Modulating the serine metabolism in human differentiated astrocytes: an integrated multi omics approach.

INTRODUCTION

Astrocytes are the major source of L-serine (L-Ser) in the brain: the glycolytic intermediate D-3-phosphoglycerate is converted into L-Ser through the phosphorylated pathway (PP) made up of three enzymes, phosphoglycerate dehydrogenase (PHGDH), phosphoserine aminotransferase (PSAT) and phosphoserine phosphatase (PSP), recently proposed to generate a metabolic assembly named serinosome. In the central nervous system, L-Ser is used for a number of functions, including the synthesis of glycine (Gly) and D-serine (D-Ser), the two key NMDAR co-agonists.

METHODS

Here, we used iPSC-derived human astrocytes as a cellular model to evaluate the impact on cell metabolism of the overexpression of each of the three enzymes of the PP as GFP-tagged proteins.

RESULTS

The subcellular cytosolic localization of PP enzymes remains unchanged compared to endogenous proteins, while the complex formation is increased in all cases.
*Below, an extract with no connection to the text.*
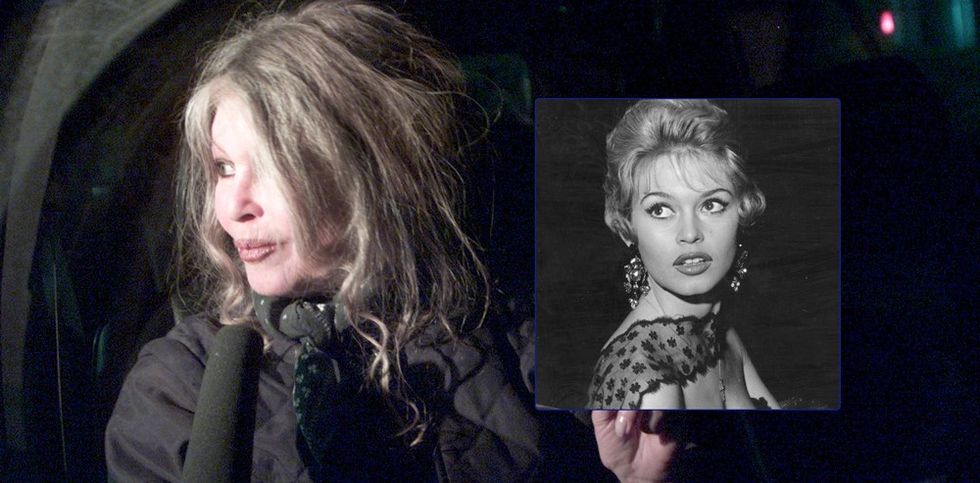 2018/01/Brigitte-Bardot-4-fk.jpg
Notably, among the factors involved, the overexpression of PHGDH appears to play a pivotal role in promoting the serinosome assembly and/or stabilization, highlighting the critical importance of this multi-domain protein. Particularly, the overexpression of each enzyme of the PP alters the cellular metabolism in a specific way. The L-Ser and Gly levels increase more in PHGDH overexpressing cells, in agreement with the known kinetics of the PP. A consistent increase in the TCA cycle, as well as in mitochondrial activities, serine-glycine-one carbon pathway, asparagine, arginine, purine and pyrimidines metabolism is also observed.

DISCUSSION

Peculiar alterations are observed when each enzyme of the PP is overexpressed, strongly supporting the use of human iPSC-derived astrocytes overexpressing the PP pathway enzymes as a valuable cellular model for understanding how Ser glial metabolism occurs in a non-tumor system under both physiological and pathological conditions.